### [Provided data]
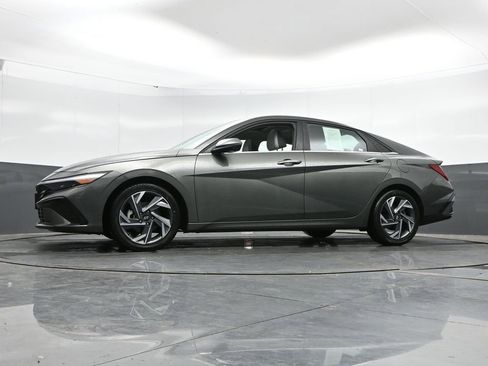 Used 2024 Hyundai Elantra Limited FWD image 45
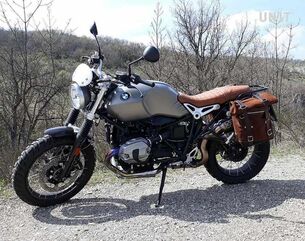 Unitgarage / ユニットガレージ Two Waxed suede Side Panniers + Double Subframe NineT, ColoradoBrown | 2xU002+1626+A2-ColoradoBrown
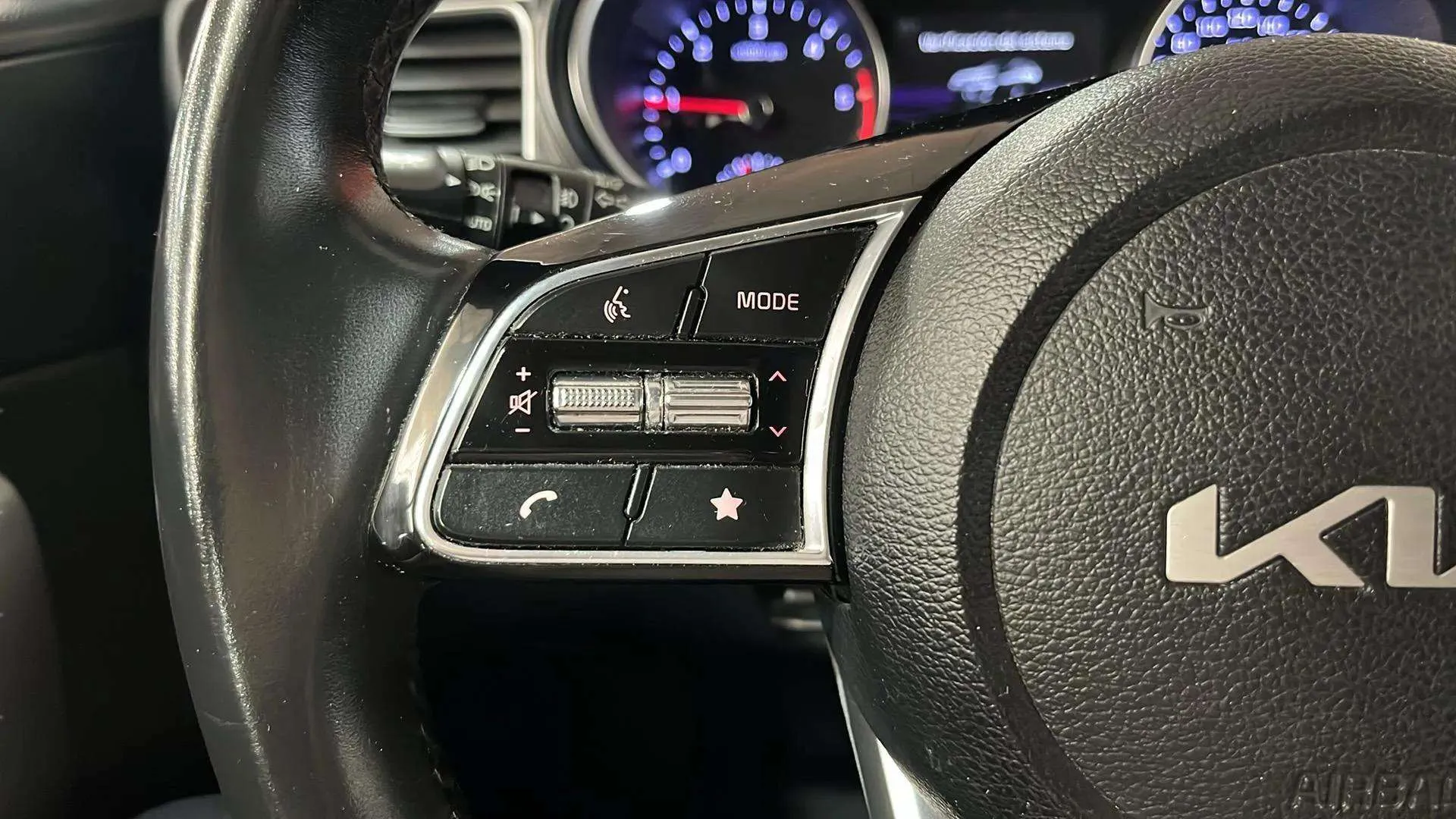 Kia Ceed 1.6 MHEV iMT Drive - foto 18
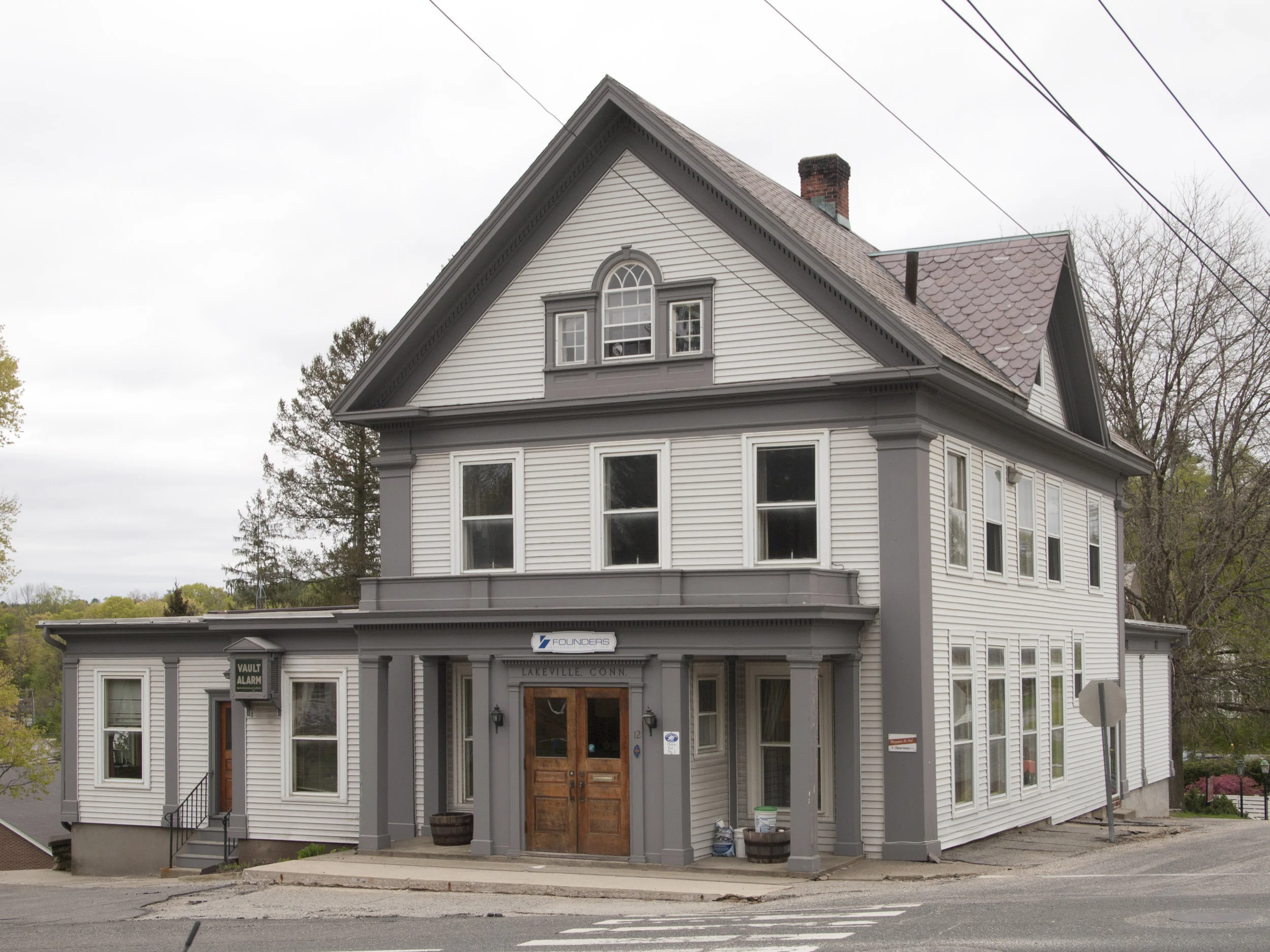 Shannon, 12 Millerton Road.jpg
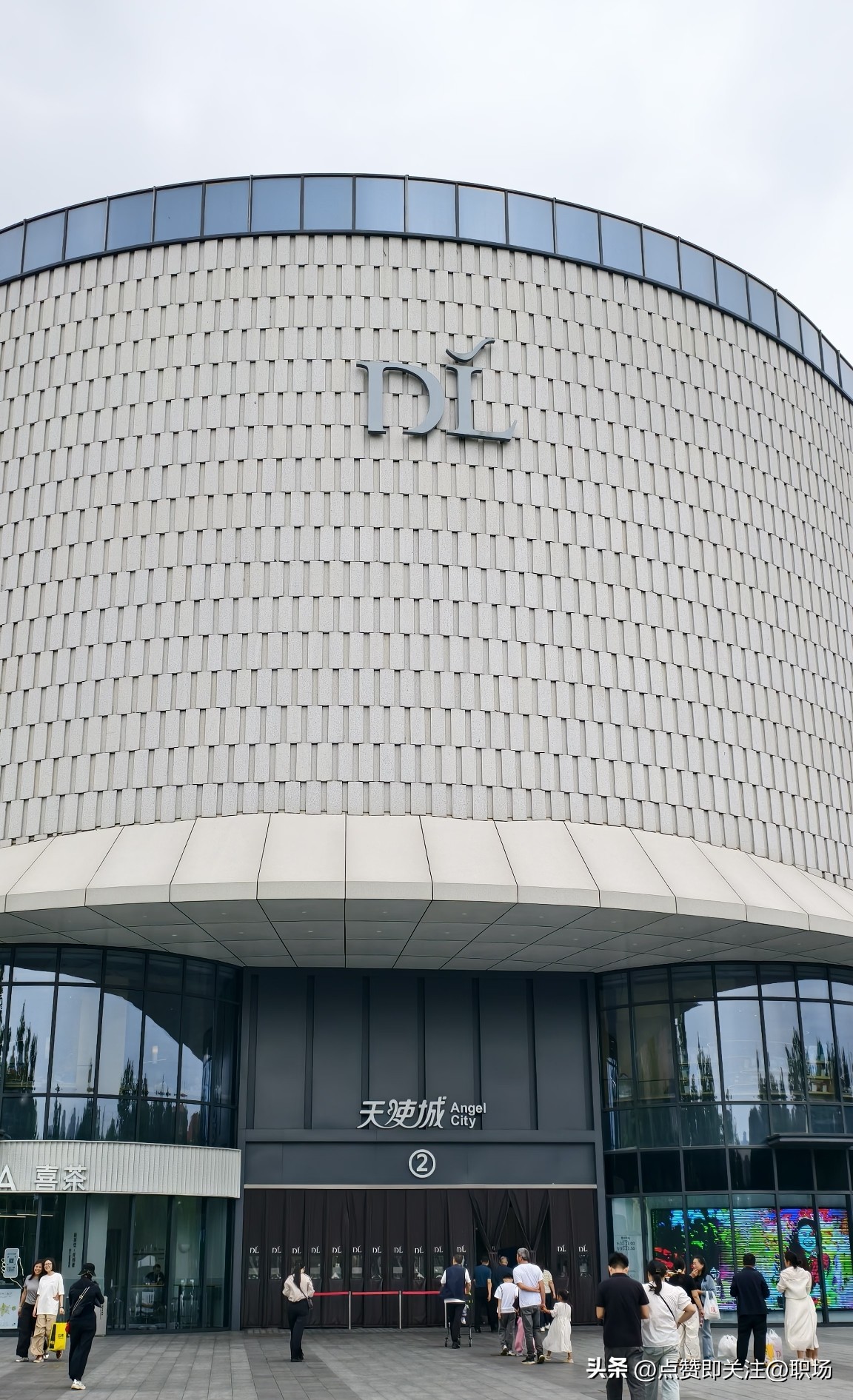 胖东来月饼改线上限购自提！不用熬夜排队，真的是几家欢喜几家愁
 
胖东来的月饼又火了！今年直接调整售卖方式，改成线上限购、线下自提，不再开 放线下排队抢 购。
 
往年一到中秋，胖东来门店门口早早排起长队，不少人 大老远专门跑过去，就为买一盒网红月饼，费时又耗精力，甚至还有黄牛加价倒卖。
 
现在换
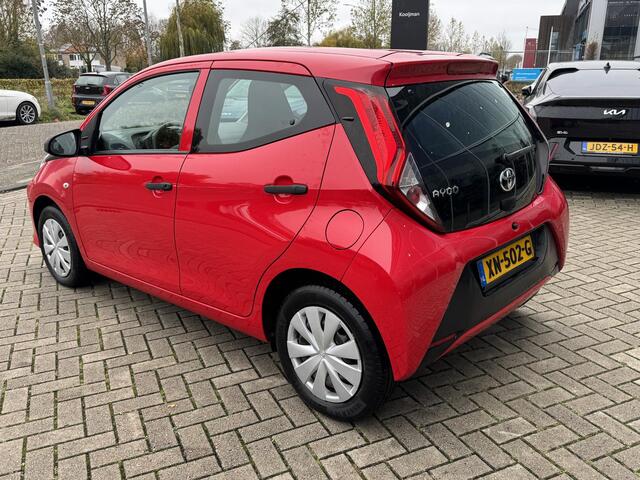 Toyota AYGO 1.0 VVT-i x-fun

### [Problem]
Repeat word for word the lines beginning at the one with "Unitgarage / ユニットガレージ" and ending at the final line of the records above, both included, and no others. Leave the pictures out.

### [Result for this task]
 Unitgarage / ユニットガレージ Two Waxed suede Side Panniers + Double Subframe NineT, ColoradoBrown | 2xU002+1626+A2-ColoradoBrown
 Kia Ceed 1.6 MHEV iMT Drive - foto 18
 Shannon, 12 Millerton Road.jpg
 胖东来月饼改线上限购自提！不用熬夜排队，真的是几家欢喜几家愁
 
胖东来的月饼又火了！今年直接调整售卖方式，改成线上限购、线下自提，不再开 放线下排队抢 购。
 
往年一到中秋，胖东来门店门口早早排起长队，不少人 大老远专门跑过去，就为买一盒网红月饼，费时又耗精力，甚至还有黄牛加价倒卖。
 
现在换
 Toyota AYGO 1.0 VVT-i x-fun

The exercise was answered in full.